PostgreSQL Anonymizer 2.0 - Generating Fake Data

October 15th, 2024

After several months of development, version 2.0 of PostgreSQL Anonymizer has entered the beta phase, and this is an opportunity for us to launch a series of articles to present its new capabilities in preview!

For this first technical overview, let’s see how to generate fake data (also known as “synthetic data”).

Photo Credit Markus Spiske

Logo PostgreSQL Anonymizer

Why is it important?

PostgreSQL Anonymizer 2.0 offers a wide range of functions to generate fake but realistic data. These functions are useful for writing masking rules and replacing sensitive data with data that “looks real.”

But that’s not the only benefit of these functions. In fact, they can also be used from the very first steps of a new project: when designing a data model, it is essential to “populate” the tables with data so as not to start development “empty-handed.”

Consider a new application that needs to rely on a classic customer table:

CREATE TABLE public.customer (
    id          INT PRIMARY KEY,
    firstname   TEXT,
    lastname    TEXT,
    email       TEXT
);

We want to insert 2000 people into this table, but how can we do it since the application doesn’t exist yet?

Why is it complicated?

Obviously, inserting John Doe 2000 times into the table is not really an option!
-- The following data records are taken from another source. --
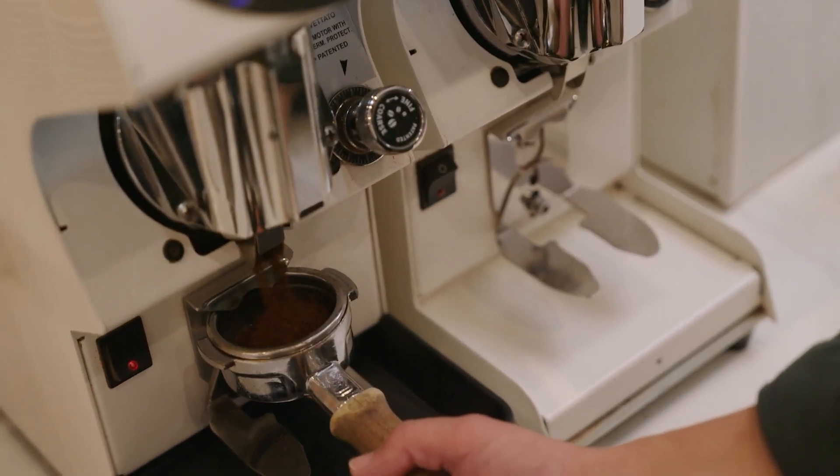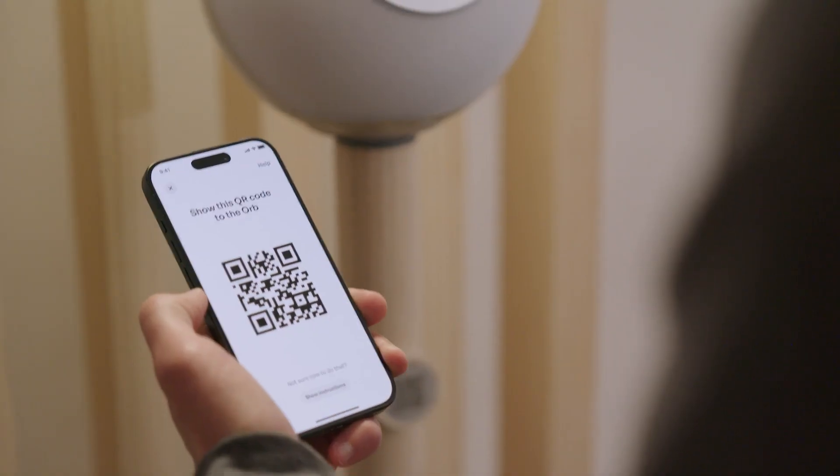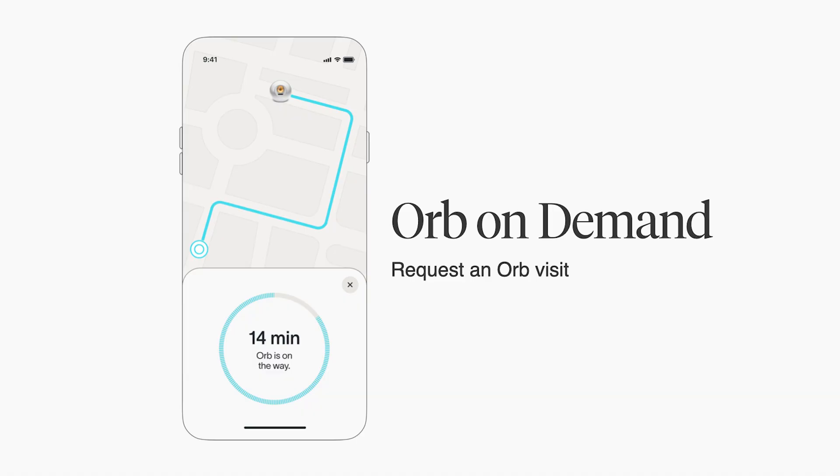Great. We also have a self-serve model, which is new to the Orb. It's going to allow Orbs to be placed within another retailer. So imagine the lobby of a coffee shop might have an Orb, and you can discover the Orb and the project through noticing it in your local coffee shop and verify yourself if you wish. And then lastly, we're going to have Orbs on Demand — so if you just don't want to go and find an Orb, you can request that one comes to you and verifies you wherever you are.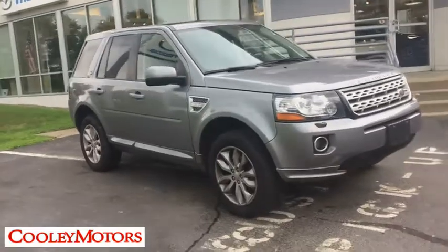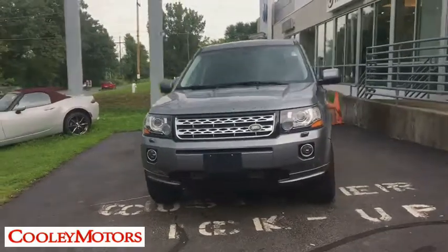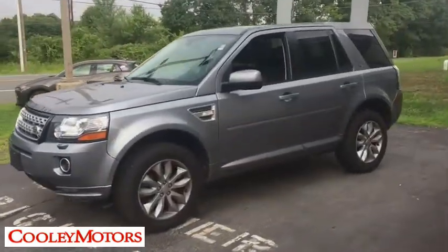The 2015 Land Rover LR2. It's acceptably comfortable and the LR2 is very impressive off-road. This vehicle has less than 50,000 miles.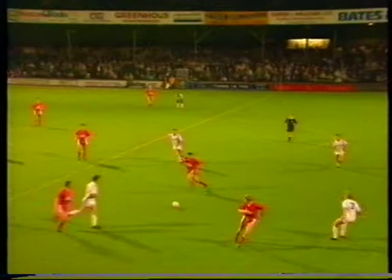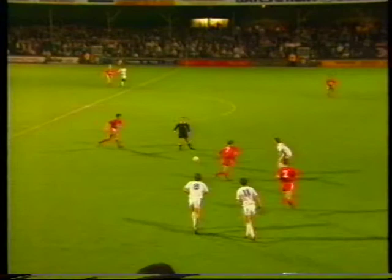Swindon began their campaign in style last night with a 3-0 win in the second round match at Shrewsbury. Swindon employed a five-man midfield for the first time, a formation manager Ardiles had played in at Spurs, and an attractive build-up was to lead to the first goal.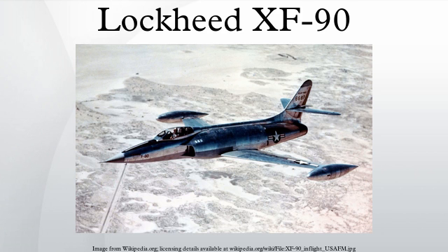Performance: Maximum Speed: 665 miles per hour. Range: 2,300 miles. Service Ceiling: 39,000 feet. Rate of Climb: 5,555 feet per minute. Wing Loading: 79 pounds per square foot. Thrust-to-weight ratio: 0.30. Armament: 6× 20mm cannons, 8× 5-inch HVAR rockets, and up to 2,000 pounds of bombs.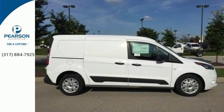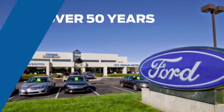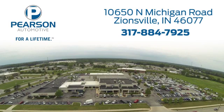Swing by and take it for a test drive. Pearson Ford — for over 50 years we've continued to focus on providing a great experience for our customers. We're conveniently located at 10650 North Michigan Road in Zionsville.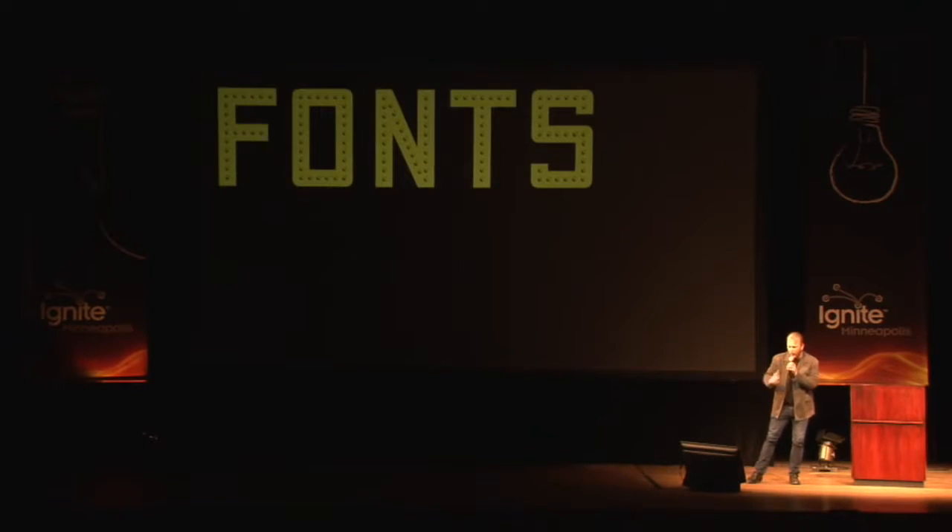Hello. Hi. My name is Chank Diesel — that is my real internet fake name — and I make fonts for a living.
The challenge is to produce realistic and context-appropriate data.

For example, if the application is intended for adult users, we want the birth dates to be between 1950 and 2006.
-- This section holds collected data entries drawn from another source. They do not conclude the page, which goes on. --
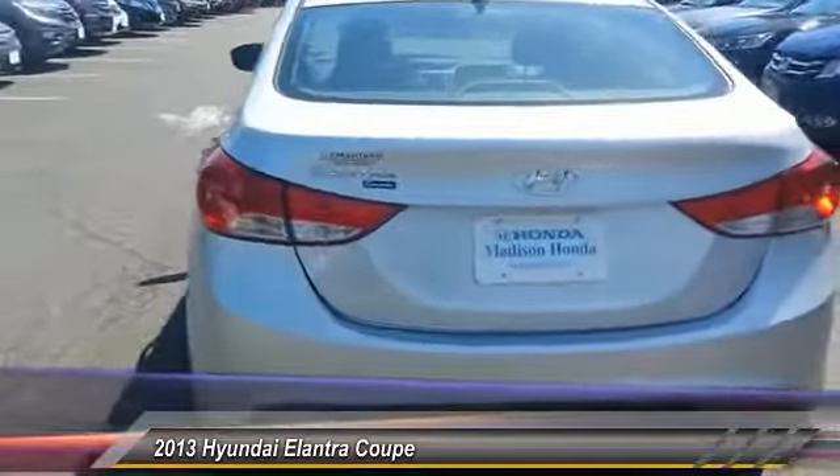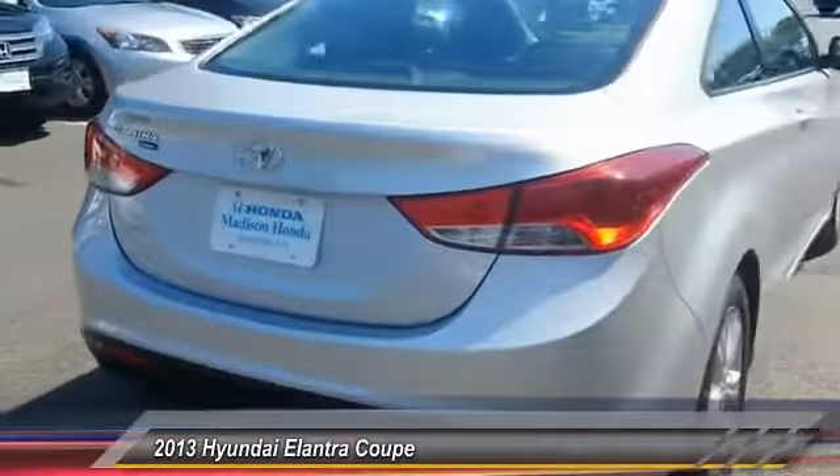This vehicle has less than 50,000 miles. Here are some of this vehicle's great options.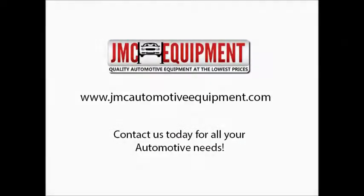For a more detailed look at Benpac products, contact JMC Automotive Equipment today, where we provide quality automotive equipment at the lowest prices.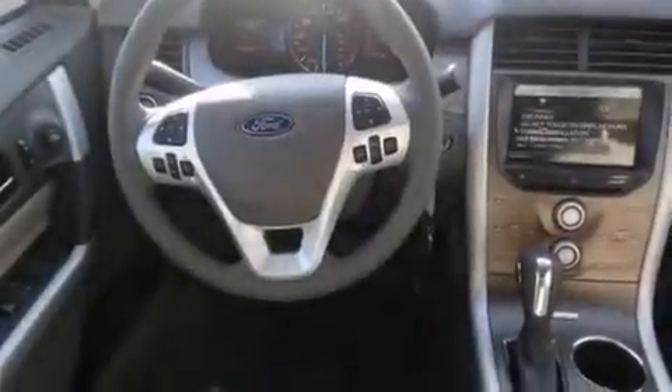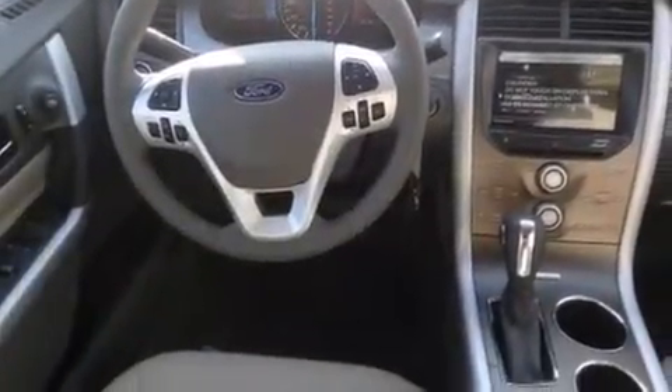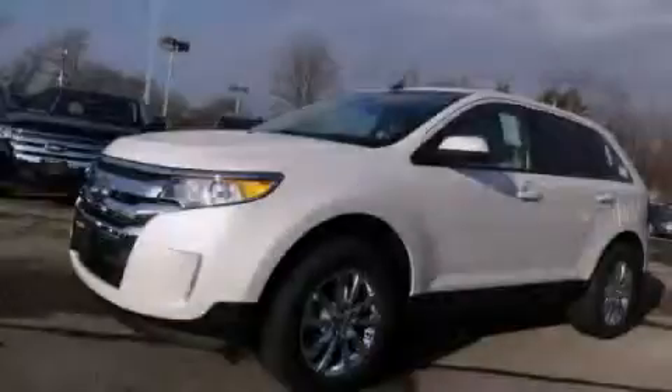With an EPA estimated rating of 27 miles per gallon on the highway, this vehicle does not compromise its fuel efficiency for size, comfort, or fun. Stop by today and test drive this vehicle for yourself.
This is where PostgreSQL Anonymizer comes into play with its wide range of randomization functions and fake data generators.

INSERT INTO customer
SELECT
	i*100+pg_catalog.random(0,99), -- avoid collisions !
	anon.dummy_first_name(),
	anon.dummy_last_name(),
	anon.dummy_free_email()
FROM generate_series(1,2000) i;

Note: The random(x,y) function is one of the new features of PostgreSQL 17! For earlier versions, the anon.random_int_between(x,y) function is an equivalent alternative.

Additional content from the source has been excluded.